_Your instructions:_ Below, locate the line that contains "Le Pave dans la Mare". Repeat exactly from that line to the line that contains "plissés élégants nina", inclusive, leaving out the pictures.

_Data provided:_
● ● ● ● ●
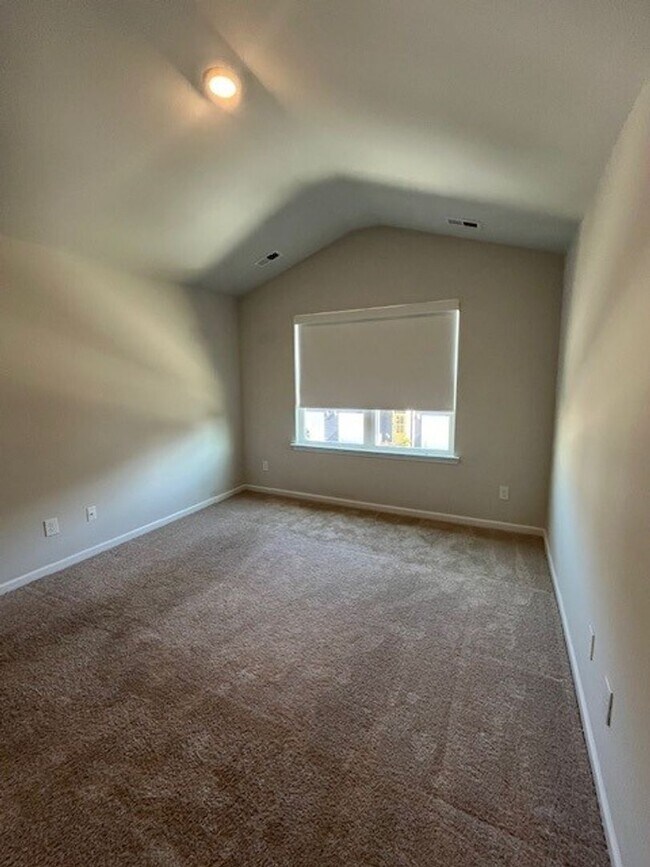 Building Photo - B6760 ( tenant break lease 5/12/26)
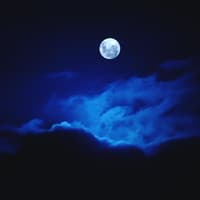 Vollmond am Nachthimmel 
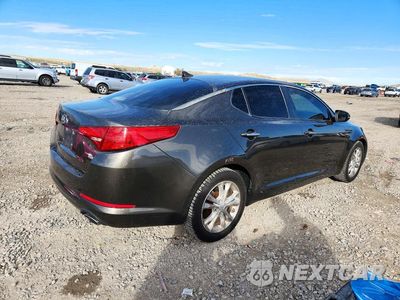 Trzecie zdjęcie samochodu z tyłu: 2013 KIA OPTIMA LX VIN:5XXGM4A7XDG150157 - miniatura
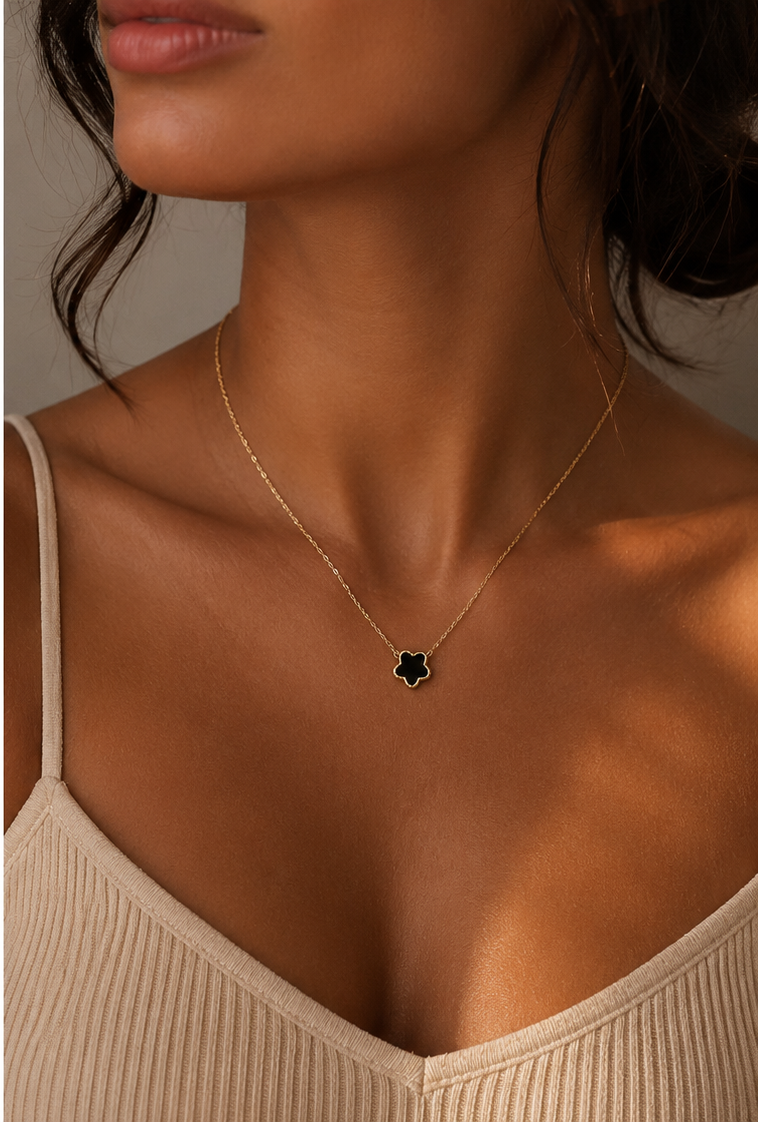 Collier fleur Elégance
● ● ● ● ●
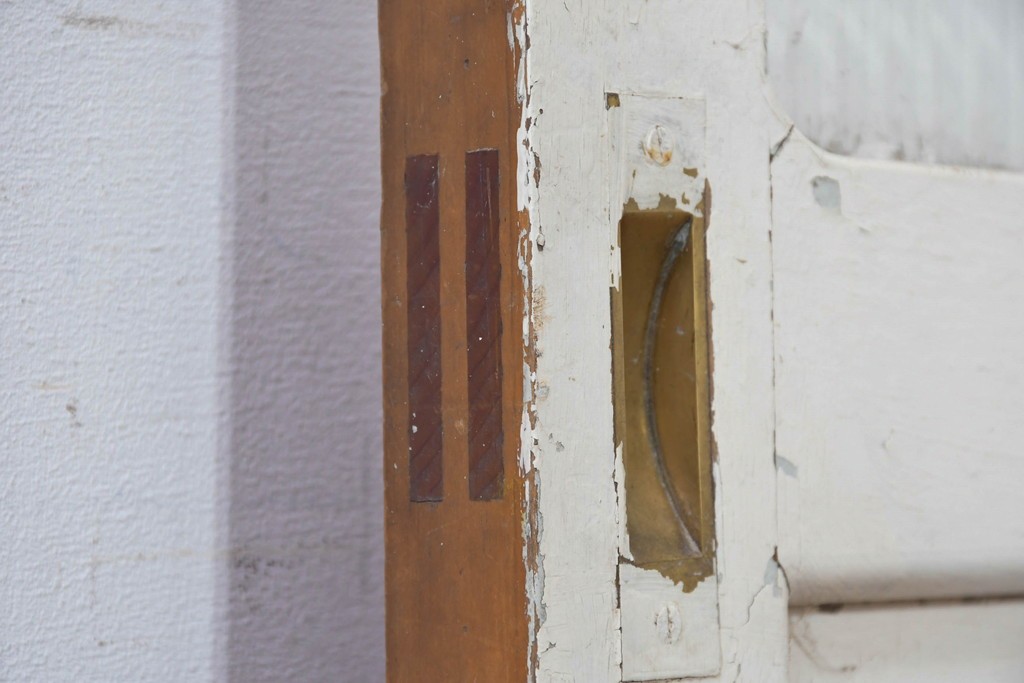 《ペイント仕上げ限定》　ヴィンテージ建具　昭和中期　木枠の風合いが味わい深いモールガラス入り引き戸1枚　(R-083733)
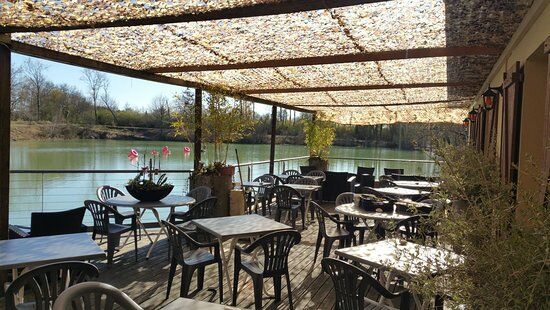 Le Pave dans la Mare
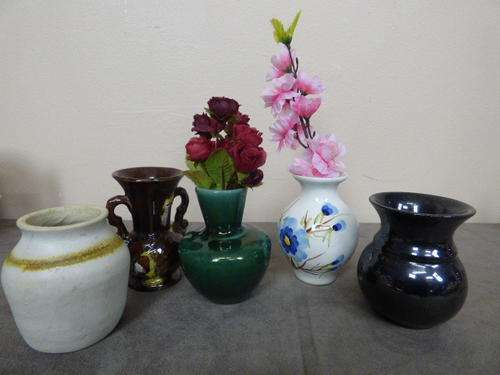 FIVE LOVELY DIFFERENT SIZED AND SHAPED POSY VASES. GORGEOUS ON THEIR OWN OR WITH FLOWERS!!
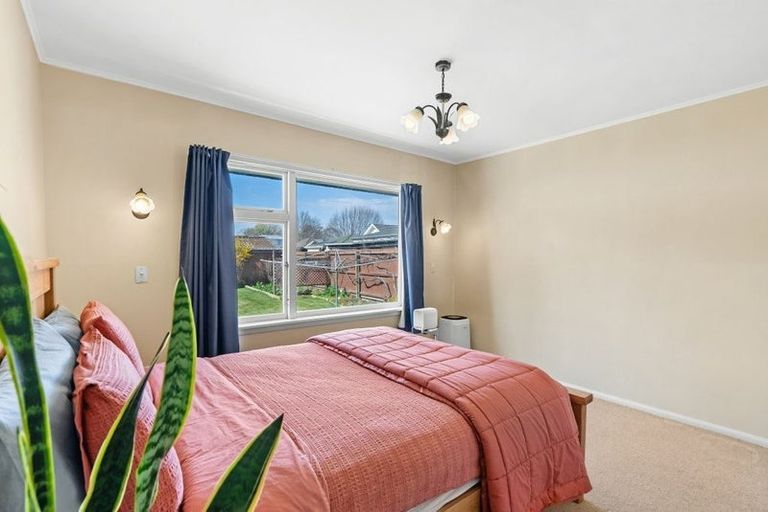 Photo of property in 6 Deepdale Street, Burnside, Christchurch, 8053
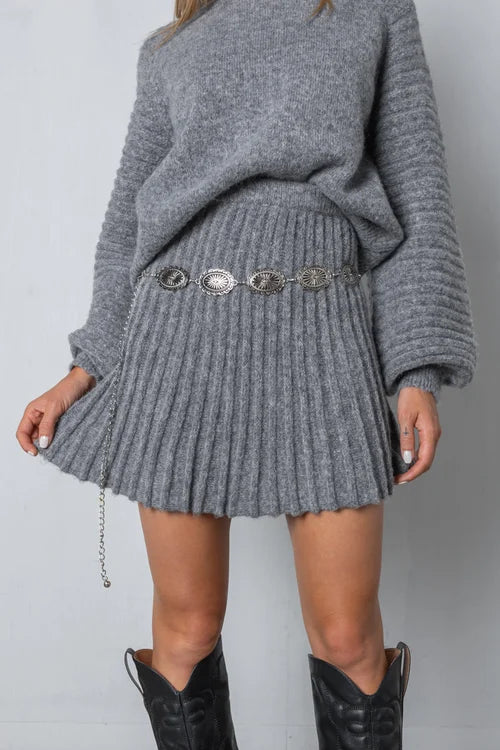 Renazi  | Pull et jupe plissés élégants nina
● ● ● ● ●
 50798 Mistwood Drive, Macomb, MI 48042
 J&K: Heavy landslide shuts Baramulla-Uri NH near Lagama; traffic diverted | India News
● ● ● ● ●
_Task result:_
 Le Pave dans la Mare
 FIVE LOVELY DIFFERENT SIZED AND SHAPED POSY VASES. GORGEOUS ON THEIR OWN OR WITH FLOWERS!!
 Photo of property in 6 Deepdale Street, Burnside, Christchurch, 8053
 Renazi  | Pull et jupe plissés élégants nina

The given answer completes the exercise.